Había terminado el vuelo aquel de la noche de Año Nuevo y restaba sólo el tramo final.

El avión despegó en Frankfurt casi puntualmente y su tiempo según itinerario para una distancia poco más corta que la de Santiago a Buenos Aires, cruzando ya no sobre los Andes, sino sobre los Alpes, fue también poco menor.

Recordé la primera vez que hice este viaje por avión, en circunstancias muy distintas, y no conseguí calcular con seguridad la cantidad de veces que lo había hecho desde entonces. Me acordé también de la única vez que lo hice en auto, muchos años antes. Cuántas vueltas, pensé entonces: cuántas vueltas de vida me han sido necesarias; como si hubieran transcurrido tan lentamente, como si cada vez hubieran tardado tanto, como si yo mismo hubiera tardado tanto; tardado, que se dice en México por lento. Con esto de las tantas vueltas que da la vida fue que posiblemente me acordé de: Recuerde el alma dormida,/ avive el seso y despierte/ contemplando/ cómo se pasa la vida… Y de ahí seguí a que me tardó por ejemplo tantos años aprender que psique no quiere decir mente, sino alma; terminar de comprender que alma no es un concepto metafísico contrapuesto al de razón y asociado a la idea religiosa de inmortalidad; y me acordé de una escultura de Canova sobre Psique y Eros, que sin embargo había admirado mucho antes de haberlo aprendido, y cuyo nombre dice buena parte de cuanto mejor se puede decir sobre el amor: Psique reanimada por el beso del amor.

Contrariamente a lo pensado antes, P. concluyó así en que lo que al principio le había parecido lento, o tardado, como quiera que haya sido, había ya sin embargo no sólo transcurrido, sino que podía incluso considerar que rápido, si se atenía a todo cuánto le quedaba todavía por delante.

Al descender del avión, le pareció que sonreía y se escuchó entonces cantar; eran ya los versos finales de aquel mismo himno: …sonriendo con el alma/ prendida en el amor.

A la salida del aeropuerto, mientras empujaba el carro con su equipaje, tarareaba todavía el estribillo final: La, lará, lará, lará, lará,/ La, lará, lará, lará; lará, lará (la melodía interrumpiéndose brevemente en el segundo verso antes de las dos últimas reiteraciones, éstas cantadas al inicio en tono más alto y concluyendo enfáticamente).
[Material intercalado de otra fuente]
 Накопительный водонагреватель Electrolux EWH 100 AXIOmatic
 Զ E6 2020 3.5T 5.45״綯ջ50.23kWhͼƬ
Escribiría un libro, pensó en fin.

Este libro.

Las puertas de la llegada se abrieron automáticamente de par en par y, mientras buscaba con la vista entre quienes esperaban, así abrió también sus brazos, seguro de su encuentro, como el de la confluencia de los ríos en la ciudad a que regresaba.

Al entrar en la casa había un poema: Estaré siempre/ su sombra sensible./ Aun si usted es mi sueño,/ no despierte,/ sino duérmalo conmigo/ como hombre y mujer.